There are two bandits in this enterprise. THE EXHIBITORS (i.e. cinemas) and the MAJOR COPYRIGHT HOLDERS (i.e. Hollywood Studios).

The exhibitors empty your left pocket at the cinema, and the major copyright holders empty your right pocket when you try and purchase a film later on DVD or online.

What has Australia done to deserve this treatment?

Nothing.

This issue is all about the big, well-established players in the film industry, the titans, wanting to make as much money as possible.

I have actually written about the exhibitor side of this problem before and, from the looks of things, little has changed.

http://openingactfilms.blogspot.com.au/2012/06/exhibitors.html

Exhibitors continue to enforce outdated geographic restrictions on film releases internationally. The Quentin Tarantino helmed 'Django Unchained', for example, was being discussed ad nauseum for months in America, when it hadn't even been released in Australia.

There used to be a good reason for this difference in release dates worldwide. Once upon a time, a film was geographically restricted because it only had so many copies to screen in cinemas.
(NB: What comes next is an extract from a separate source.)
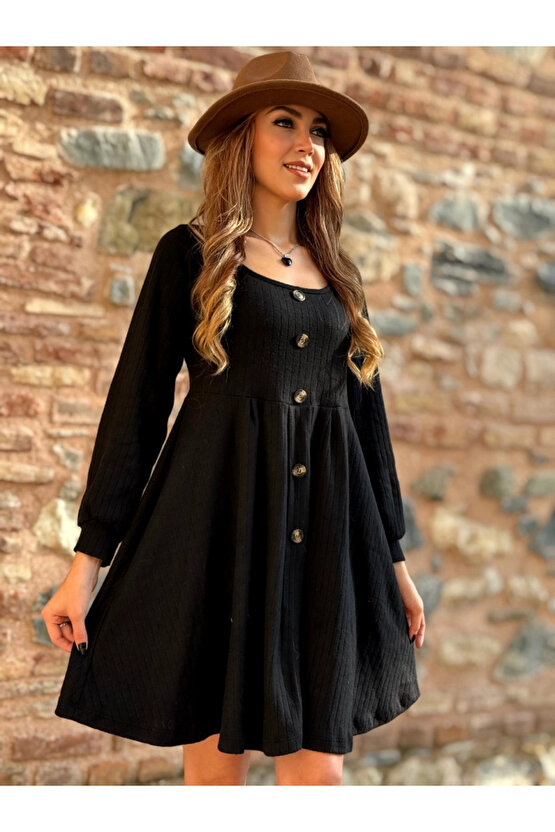 Kadın Uzun Kollu Kare Yaka Düğmeli Kısa şardonlu Iki Iplik Mini Elbise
Once all the copies ('prints') were finished being used in America, they were shipped to Europe, then Asia, and so on.

Today, the film can be sent as a high-resolution digital file to screen immediately, all over the world. There is no real point to geographical release restrictions anymore.

Except...

...to maintain a false scarcity of the film and keep ticket prices artificially high, fleecing the audiences for their money.
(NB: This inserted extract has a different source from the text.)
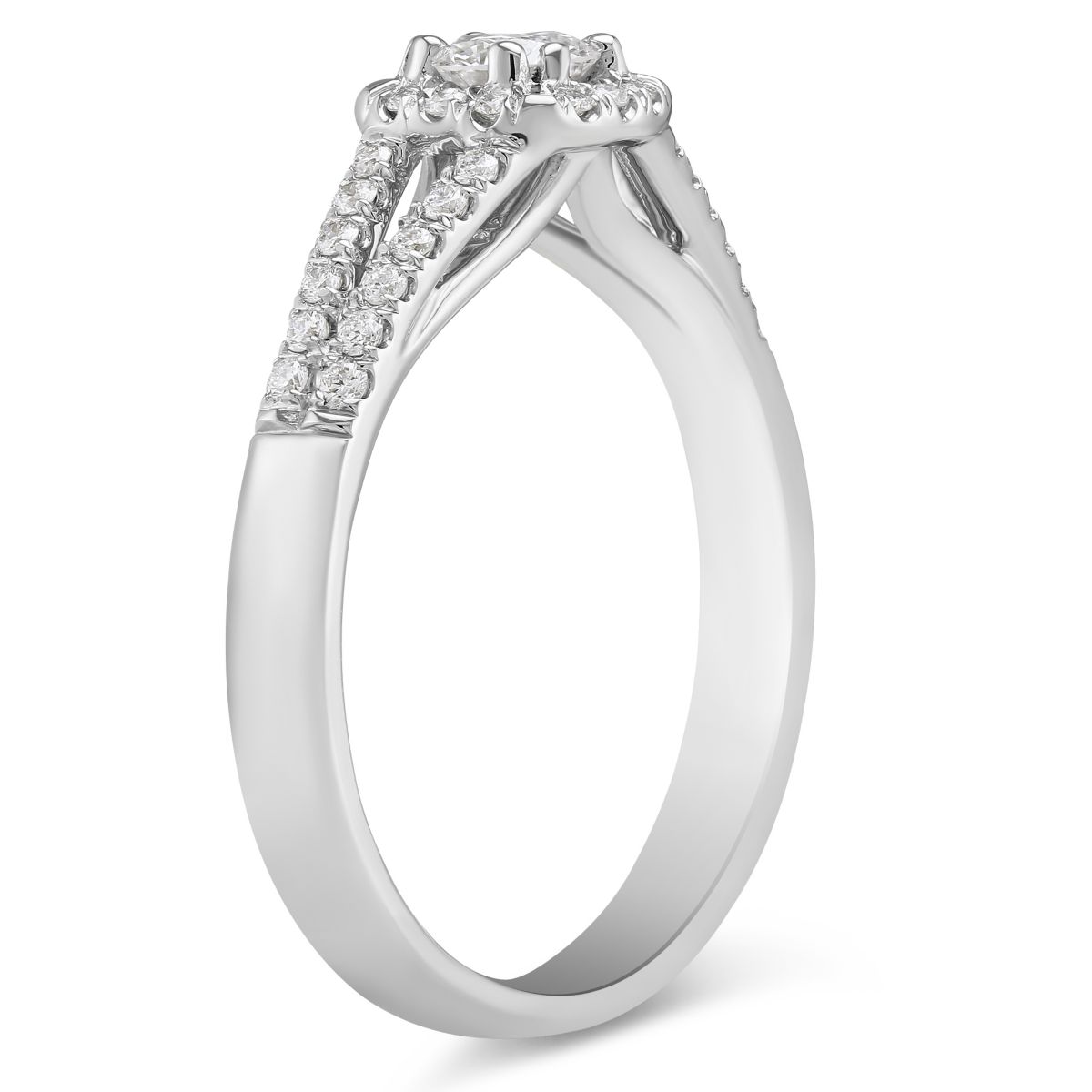 White Gold Diamond Ring with Cushion Halo & Split Shank, 0.78 ct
Then, once the film has finished in the cinemas, the Major Copyright Holders continue to maintain outdated, higher 'non-theatrical format' prices (i.e. DVD and online prices) for the film in different regions. There used to be a good reason for this too. Shipping VHS tapes and DVDs to far away locations, like Australia, was expensive. The cost of the additional shipping and handling was therefore passed on to consumers.

Today, the film can be downloaded from online stores, instantly, with no shipping costs, no physical product and no logistical overheads (aside from the computer infrastructure, e.g. the hardware, software and labour that Apple use to maintain the iTunes store). There is no real point to price differentials between regions anymore either.

Except...

...to maintain a false 'price floor', and therefore keep prices artificially high, fleecing the audiences for their money.

And they wonder why people are not 'morally' challenged by pirating films? The audiences have been mugged for so long, they feel no moral obligation to put money into the pocket of the bandits.

And sadly, I can't blame them.

But the biggest players in the film industry don't seem to care.

Even if it means encouraging every last person to pirate, they will squeeze every last dollar out of audiences while they can.

Why?

Because they are big public companies with shareholders.

Because the people currently in charge of these film industry titans know they won't be around when the whole thing comes crashing down.

They will have cashed in their chips long before we have to clean up their mess.

And that, my friends, is the dirtiest little secret of them all.